TASK DATA: Begin

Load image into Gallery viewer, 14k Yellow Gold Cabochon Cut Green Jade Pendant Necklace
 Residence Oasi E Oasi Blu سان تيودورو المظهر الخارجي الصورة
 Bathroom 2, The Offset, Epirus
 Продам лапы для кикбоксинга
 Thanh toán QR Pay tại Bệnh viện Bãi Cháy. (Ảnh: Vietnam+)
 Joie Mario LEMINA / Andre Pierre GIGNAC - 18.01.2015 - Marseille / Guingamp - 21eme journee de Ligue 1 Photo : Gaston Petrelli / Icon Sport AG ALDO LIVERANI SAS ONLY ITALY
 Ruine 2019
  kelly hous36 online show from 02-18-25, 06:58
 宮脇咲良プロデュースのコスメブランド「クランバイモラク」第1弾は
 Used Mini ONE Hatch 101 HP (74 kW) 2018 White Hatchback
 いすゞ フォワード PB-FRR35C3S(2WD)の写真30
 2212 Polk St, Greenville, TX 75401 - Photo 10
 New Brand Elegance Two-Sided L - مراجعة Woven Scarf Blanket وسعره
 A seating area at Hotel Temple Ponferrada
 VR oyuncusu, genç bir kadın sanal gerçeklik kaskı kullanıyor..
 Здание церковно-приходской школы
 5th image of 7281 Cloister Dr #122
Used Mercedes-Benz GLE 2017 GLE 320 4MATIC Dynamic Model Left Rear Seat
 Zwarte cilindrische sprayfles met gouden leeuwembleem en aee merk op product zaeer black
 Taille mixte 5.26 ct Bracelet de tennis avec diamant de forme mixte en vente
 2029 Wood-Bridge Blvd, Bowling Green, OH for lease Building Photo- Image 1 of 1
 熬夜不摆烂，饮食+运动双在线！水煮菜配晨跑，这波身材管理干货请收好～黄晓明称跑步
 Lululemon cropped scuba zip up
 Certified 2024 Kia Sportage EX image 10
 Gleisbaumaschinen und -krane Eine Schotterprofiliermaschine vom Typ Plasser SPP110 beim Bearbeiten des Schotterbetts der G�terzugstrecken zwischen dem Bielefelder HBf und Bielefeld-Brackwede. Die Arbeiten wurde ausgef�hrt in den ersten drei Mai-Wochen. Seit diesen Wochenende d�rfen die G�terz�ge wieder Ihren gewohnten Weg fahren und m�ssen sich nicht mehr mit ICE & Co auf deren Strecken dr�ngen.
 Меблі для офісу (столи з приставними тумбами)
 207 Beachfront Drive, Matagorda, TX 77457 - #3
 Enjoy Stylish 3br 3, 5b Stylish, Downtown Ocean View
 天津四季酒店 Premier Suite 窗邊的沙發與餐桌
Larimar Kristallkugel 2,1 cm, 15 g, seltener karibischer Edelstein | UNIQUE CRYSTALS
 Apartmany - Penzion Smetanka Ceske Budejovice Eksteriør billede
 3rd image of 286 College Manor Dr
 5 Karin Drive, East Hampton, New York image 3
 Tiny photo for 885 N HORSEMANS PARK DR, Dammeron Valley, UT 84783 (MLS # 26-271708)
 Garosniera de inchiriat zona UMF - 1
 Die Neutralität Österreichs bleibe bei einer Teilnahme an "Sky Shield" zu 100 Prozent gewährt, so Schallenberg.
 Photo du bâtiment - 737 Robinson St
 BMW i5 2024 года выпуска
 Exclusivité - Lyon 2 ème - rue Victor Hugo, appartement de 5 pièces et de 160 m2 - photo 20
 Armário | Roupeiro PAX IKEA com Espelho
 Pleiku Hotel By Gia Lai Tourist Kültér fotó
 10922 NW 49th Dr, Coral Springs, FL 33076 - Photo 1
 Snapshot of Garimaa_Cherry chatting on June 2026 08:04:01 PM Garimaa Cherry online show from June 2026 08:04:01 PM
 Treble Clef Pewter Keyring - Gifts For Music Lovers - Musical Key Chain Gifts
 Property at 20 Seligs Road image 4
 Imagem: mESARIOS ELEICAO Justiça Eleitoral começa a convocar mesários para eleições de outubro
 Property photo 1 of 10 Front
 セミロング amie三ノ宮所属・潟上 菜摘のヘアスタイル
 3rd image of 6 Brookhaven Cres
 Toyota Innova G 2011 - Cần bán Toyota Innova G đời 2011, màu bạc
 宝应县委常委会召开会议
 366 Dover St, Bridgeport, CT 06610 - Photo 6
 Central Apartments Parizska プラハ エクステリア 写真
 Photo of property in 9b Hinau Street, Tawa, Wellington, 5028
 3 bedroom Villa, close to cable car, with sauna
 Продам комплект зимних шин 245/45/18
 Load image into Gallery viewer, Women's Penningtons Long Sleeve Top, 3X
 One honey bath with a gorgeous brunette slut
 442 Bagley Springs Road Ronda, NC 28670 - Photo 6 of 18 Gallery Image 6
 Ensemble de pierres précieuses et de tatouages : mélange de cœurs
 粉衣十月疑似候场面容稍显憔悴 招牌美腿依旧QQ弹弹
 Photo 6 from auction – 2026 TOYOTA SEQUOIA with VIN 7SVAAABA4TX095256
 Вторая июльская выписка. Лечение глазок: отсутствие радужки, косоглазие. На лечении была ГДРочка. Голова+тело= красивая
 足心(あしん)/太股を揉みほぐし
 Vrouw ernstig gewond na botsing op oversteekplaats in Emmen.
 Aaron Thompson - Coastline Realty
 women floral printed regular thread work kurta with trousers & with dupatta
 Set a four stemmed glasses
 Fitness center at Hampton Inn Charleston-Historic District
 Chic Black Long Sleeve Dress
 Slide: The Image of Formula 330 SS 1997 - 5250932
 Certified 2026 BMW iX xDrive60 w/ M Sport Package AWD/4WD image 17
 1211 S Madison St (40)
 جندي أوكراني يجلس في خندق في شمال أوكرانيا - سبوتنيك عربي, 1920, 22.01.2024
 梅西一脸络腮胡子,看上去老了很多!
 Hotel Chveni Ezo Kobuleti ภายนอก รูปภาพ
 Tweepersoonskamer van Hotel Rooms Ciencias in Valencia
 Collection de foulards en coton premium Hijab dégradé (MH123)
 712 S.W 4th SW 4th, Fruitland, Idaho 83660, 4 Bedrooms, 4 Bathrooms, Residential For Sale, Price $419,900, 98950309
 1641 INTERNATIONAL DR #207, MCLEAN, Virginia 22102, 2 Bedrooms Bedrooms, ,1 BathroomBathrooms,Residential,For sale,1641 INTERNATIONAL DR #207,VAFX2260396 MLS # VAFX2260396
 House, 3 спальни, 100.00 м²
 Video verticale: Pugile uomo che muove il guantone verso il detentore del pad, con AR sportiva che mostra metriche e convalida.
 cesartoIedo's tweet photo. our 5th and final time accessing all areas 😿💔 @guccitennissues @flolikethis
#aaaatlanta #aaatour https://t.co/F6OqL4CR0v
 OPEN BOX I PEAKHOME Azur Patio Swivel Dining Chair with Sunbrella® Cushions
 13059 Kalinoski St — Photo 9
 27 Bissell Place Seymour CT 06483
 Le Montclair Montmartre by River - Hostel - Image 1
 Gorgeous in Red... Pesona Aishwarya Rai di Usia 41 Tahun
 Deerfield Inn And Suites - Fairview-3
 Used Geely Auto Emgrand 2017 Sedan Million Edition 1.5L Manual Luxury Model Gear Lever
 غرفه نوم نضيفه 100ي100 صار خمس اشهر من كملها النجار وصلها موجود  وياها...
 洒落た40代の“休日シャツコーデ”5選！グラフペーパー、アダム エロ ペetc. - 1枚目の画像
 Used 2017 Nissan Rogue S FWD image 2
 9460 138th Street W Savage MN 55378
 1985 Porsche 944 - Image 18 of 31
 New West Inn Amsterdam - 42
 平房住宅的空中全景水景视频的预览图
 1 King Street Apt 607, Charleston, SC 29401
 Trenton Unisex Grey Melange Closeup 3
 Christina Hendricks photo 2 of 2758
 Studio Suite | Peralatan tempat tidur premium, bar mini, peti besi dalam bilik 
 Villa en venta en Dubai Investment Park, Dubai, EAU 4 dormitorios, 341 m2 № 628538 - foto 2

TASK DATA: End

• WORK INSTRUCTIONS
Lines wanted from the listing above: the line with "Imagem: mESARIOS ELEICAO" up to and including the line with "宝应县委常委会召开会议". Please write them out exactly, adding nothing else.

• EXERCISE RESULT
 Imagem: mESARIOS ELEICAO Justiça Eleitoral começa a convocar mesários para eleições de outubro
 Property photo 1 of 10 Front
 セミロング amie三ノ宮所属・潟上 菜摘のヘアスタイル
 3rd image of 6 Brookhaven Cres
 Toyota Innova G 2011 - Cần bán Toyota Innova G đời 2011, màu bạc
 宝应县委常委会召开会议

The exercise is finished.